[[ STORED DATA, beginning ]]

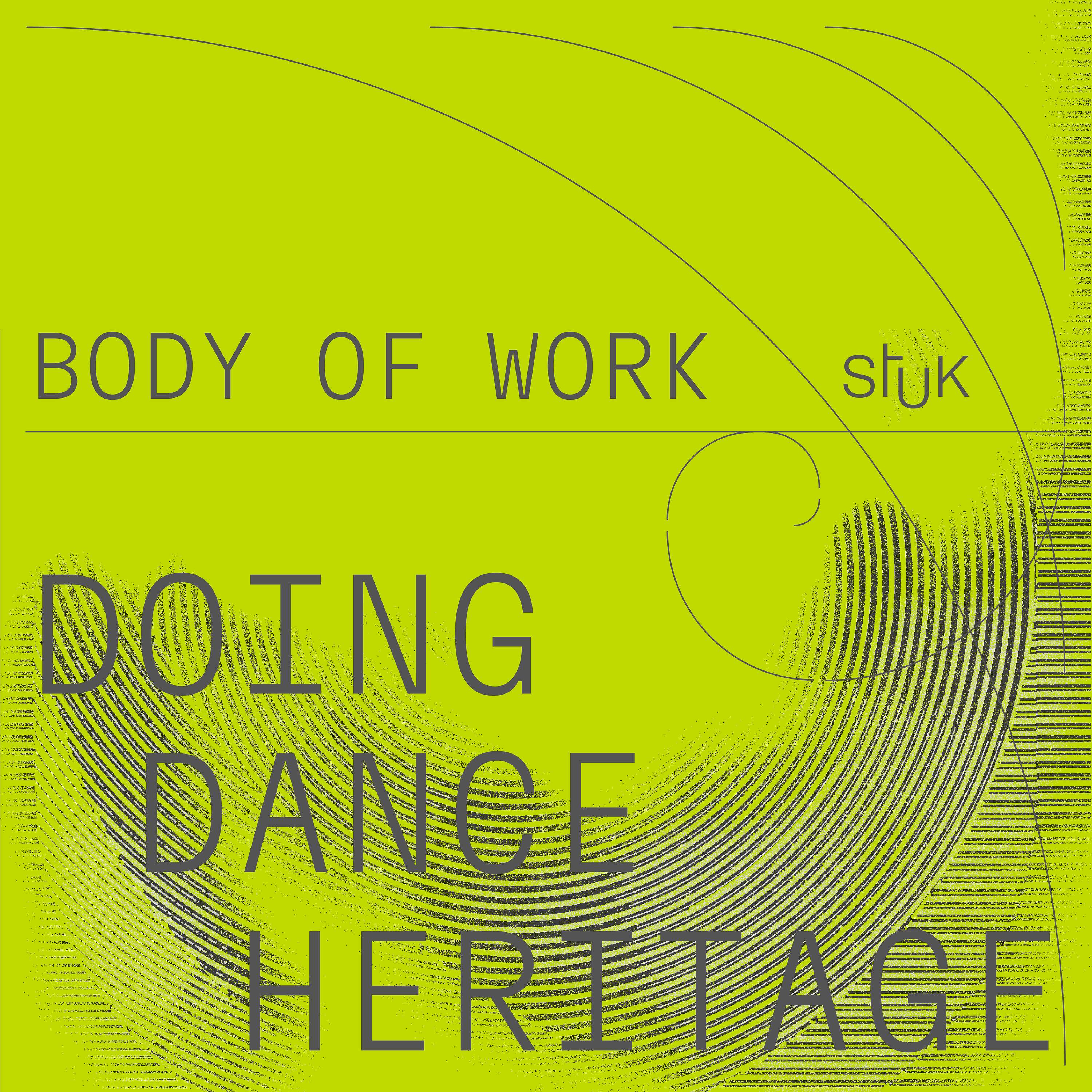 Body of Work. Doing Dance Heritage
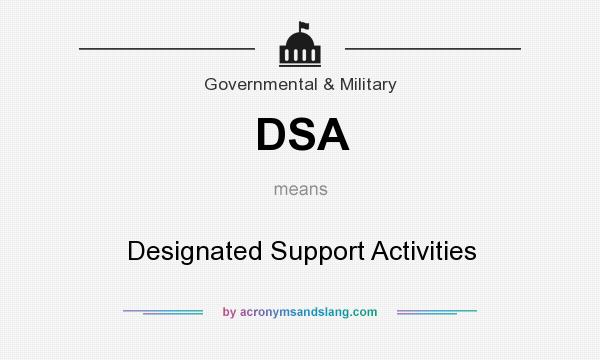 What does DSA mean? It stands for Designated Support Activities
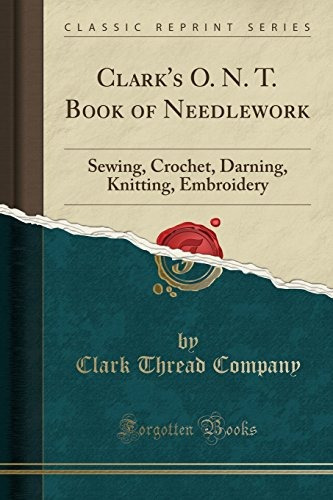 Clarks O N T Book Of Needlework Sewing, Crochet, Darning, Kn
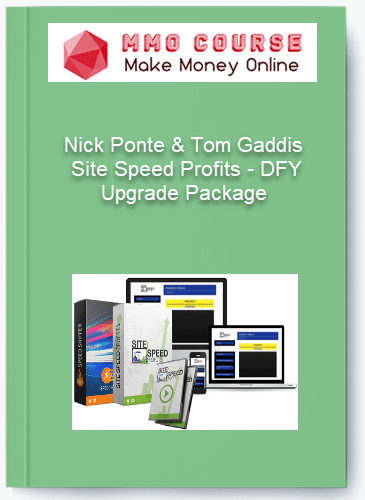 Nick Ponte Tom Gaddis %E2%80%93 Site Speed Profits %E2%80%93 DFY Upgrade Package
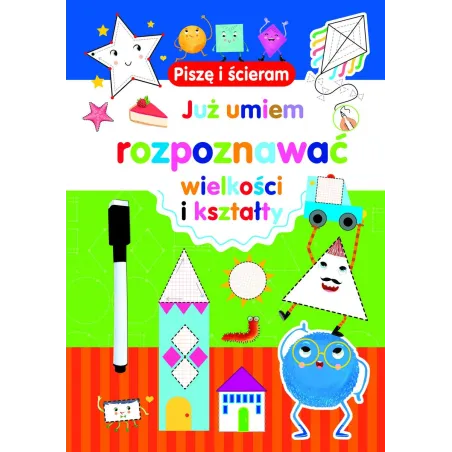 Już Umiem Rozpoznawać Wielkości I Kształty. Piszę I Ścieram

[[ STORED DATA, end ]]

# [INSTRUCTIONS FOR THE TASK]
Without copying any picture, repeat all of the entries exactly.

# [TASK RESPONSE]
 Body of Work. Doing Dance Heritage
 What does DSA mean? It stands for Designated Support Activities
 Clarks O N T Book Of Needlework Sewing, Crochet, Darning, Kn
 Nick Ponte Tom Gaddis %E2%80%93 Site Speed Profits %E2%80%93 DFY Upgrade Package
 Już Umiem Rozpoznawać Wielkości I Kształty. Piszę I Ścieram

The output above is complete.